───── EXERCISE DATA
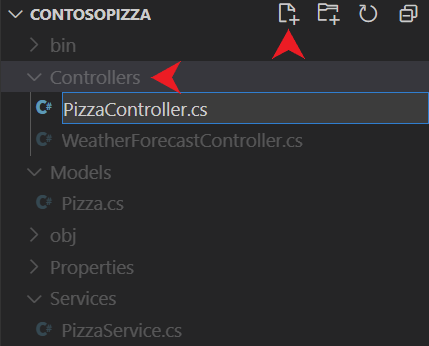 Captura de pantalla de Visual&nbsp;Studio&nbsp;Code de la incorporación de un nuevo archivo a la carpeta Controladores.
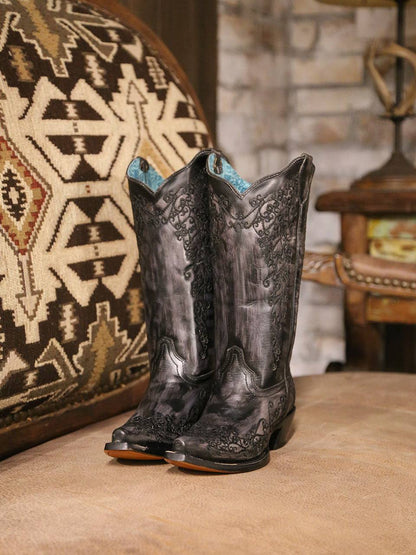 Women's Corral Black Genuine Leather Boots with Bone Floral Embroidery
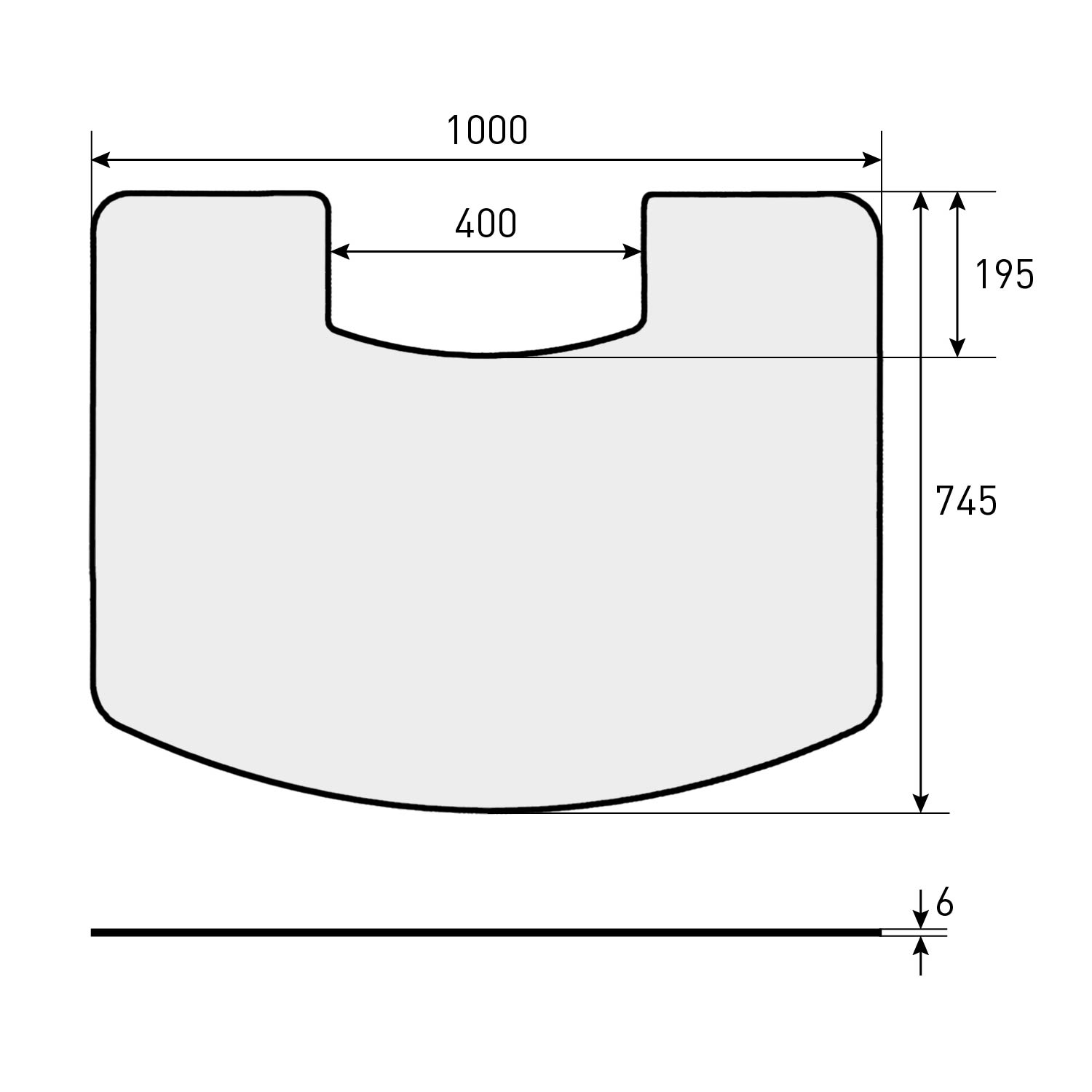 TermaTech Vorlegeplatte Glas für TT44 Serie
──────────
→ **REQUIREMENT**:
I'd like the data above duplicated exactly, with no pictures included.

→ **WRITTEN RESPONSE**:
 Captura de pantalla de Visual&nbsp;Studio&nbsp;Code de la incorporación de un nuevo archivo a la carpeta Controladores.
 Women's Corral Black Genuine Leather Boots with Bone Floral Embroidery
 TermaTech Vorlegeplatte Glas für TT44 Serie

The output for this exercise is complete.